Nesta mesma semana em que Wellington invadiu a escola atirando em crianças, uma menina chamada Adriele, de 16 anos, foi assassinada no interior de Mato Grosso do Sul por dois rapazes que não se conformavam com o romance dela com a irmã deles. Na semana anterior, Michael, da equipe do Vôlei Futuro, era objeto de brutal manifestação coletiva de homofobia, num ginásio de Contagem, na região metropolitana de Belo Horizonte, por ter-se declarado homossexual. Uma tradição de nosso esporte: há cerca de 10 anos, o jogador Lilico já tinha sido excluído da seleção brasileira de vôlei pela mesma razão.

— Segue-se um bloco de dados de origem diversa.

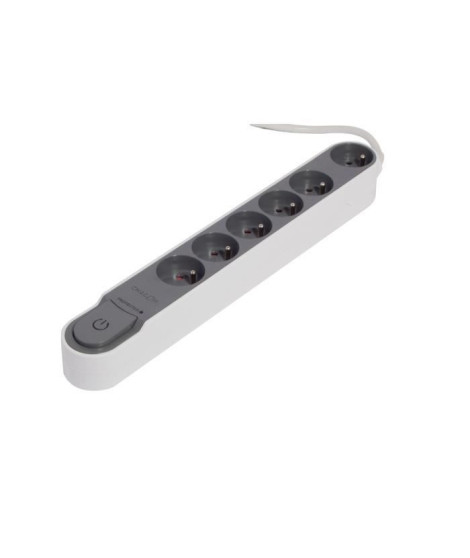 Occasion - CHACON Bloc multiprise parafoudre avec interrupteur 6 prises 16A 1,5m gris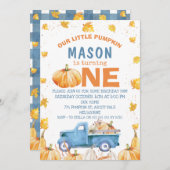 Blue Orange Pumpkin Truck 1. Geburtstag Einladung (Vorne/Hinten)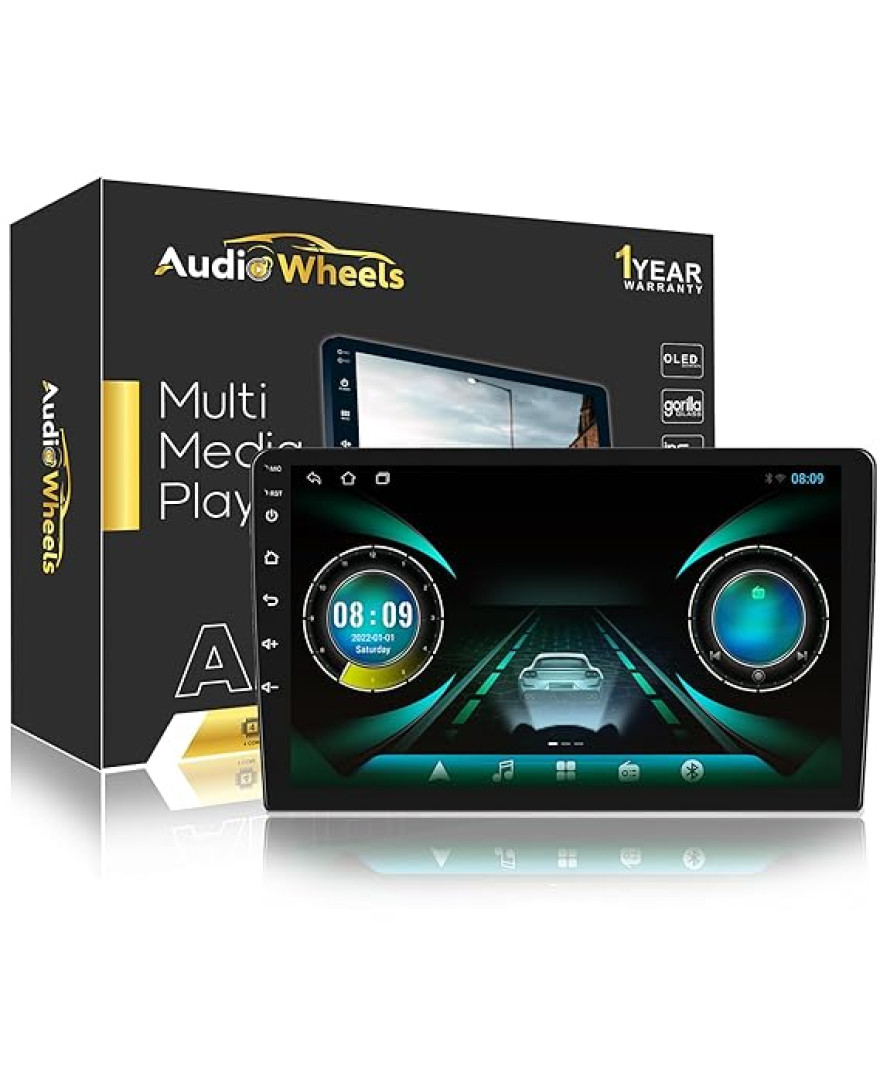 Audio Wheels TS7 Android Car Stereo with 1GB/32GB RAM & ROM Touch Screen Car Radio/BT/GPS Navigation Car Multimedia Audio and Video Player | 10 Inch Android Screen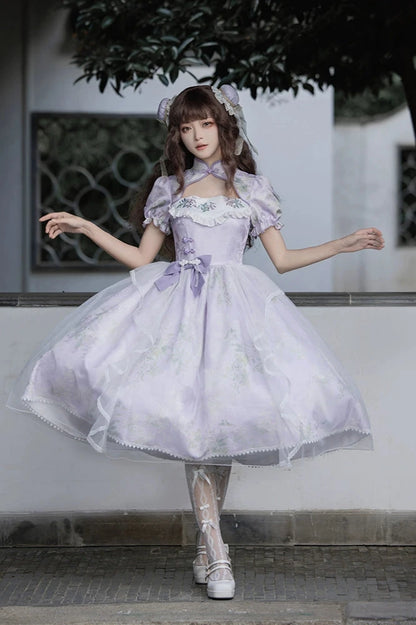 Retro China Flower Purple Lolita Dress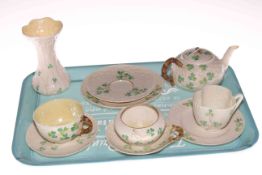 Collection of ten pieces of Belleek porcelain.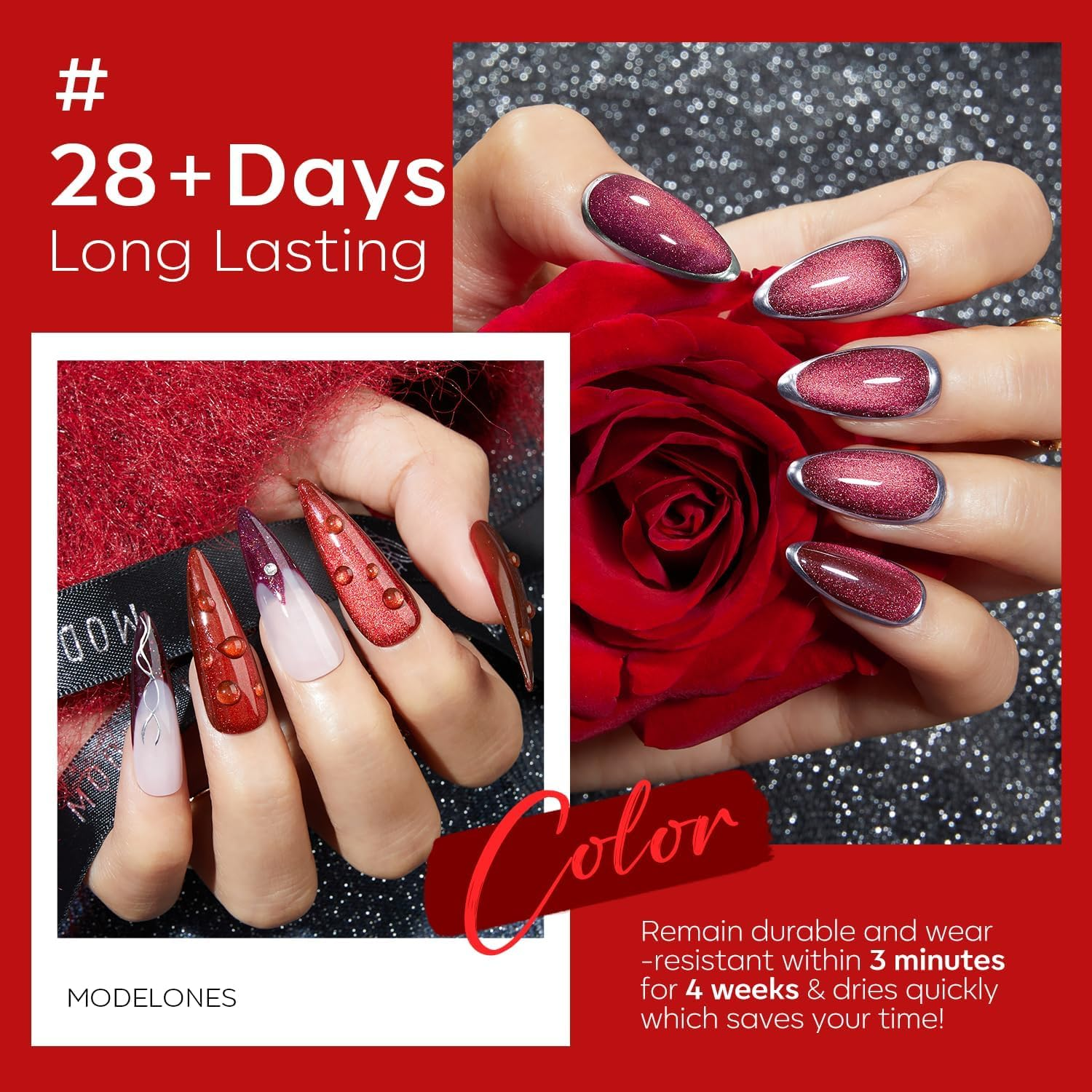 Modelones Gel Nail Polish Set, 6 PCS Red Burgundy Purple Glitter Gel Polish Winter Colors Cat Eye Chameleon Shimmer Christmas Soak off LED Nail Art Gel Nail Kit Manicure Salon DIY Nails Gift image number 4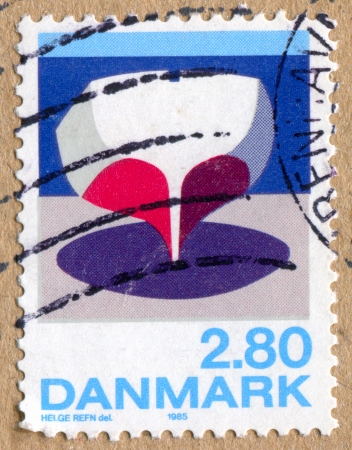 DENMARK - CIRCA 1985: stamp printed by Denmark, shows Boat, by Helge Refn, circa 1985の写真素材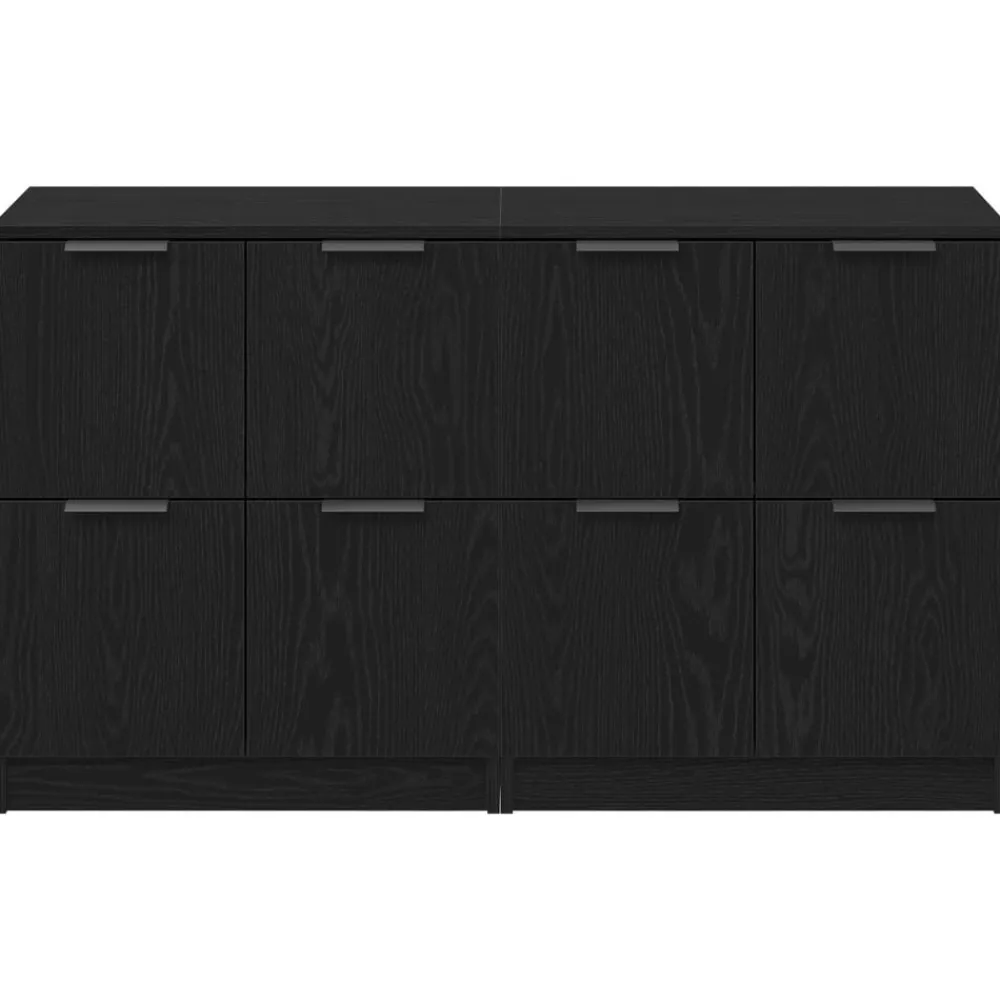 vidaXL Aparador 2 pcs 60 x 30 x 70 cm Madera de ingeniería Roble negro New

Por esses mesmos dias, o deputado Jair Bolsonaro falava na televisão da “promiscuidade” que não permitia a seus filhos, a de se relacionar com uma mulher negra como Preta Gil. Assim como um pastor evangélico afirmava, em sua pregação religiosa, que os africanos eram fatalmente herdeiros de maldição lançada por Noé, em nome de Deus, logo depois do dilúvio.
Um pouco mais longe de nós, outro religioso, desta vez na Flórida, queimava em público um exemplar do Alcorão, o livro sagrado dos islamistas. O que provocou, em represália, o assassinato de dezenas de pessoas no Afeganistão, vítimas de homens-bomba.
Se o culpado for sempre o outro, se o mundo estiver dividido sempre entre os puros e os impuros, não evitaremos nunca novos Wellington, nem que toda a polícia do país passe a trabalhar exclusivamente na porta de nossas escolas. A resistência à diferença, o horror a ela, sempre foi causa ou pretexto de todos os genocídios na história da humanidade.
Às vezes, ela se disfarça sofisticadamente em ideologia ou visão de mundo, com teorias cheias de argumentos. Como no nazi-fascismo de Hitler, Mussolini, Pinochet e tantos outros; ou no comunismo de Stalin, Mao, Pol-Pot e tantos outros. Mas, no fundo, todas essas formas de autoritarismo que encharcaram o século XX de sangue partiram sempre da ideia de rejeição da diferença, por medo ou ignorância, por má ciência ou simples superstição.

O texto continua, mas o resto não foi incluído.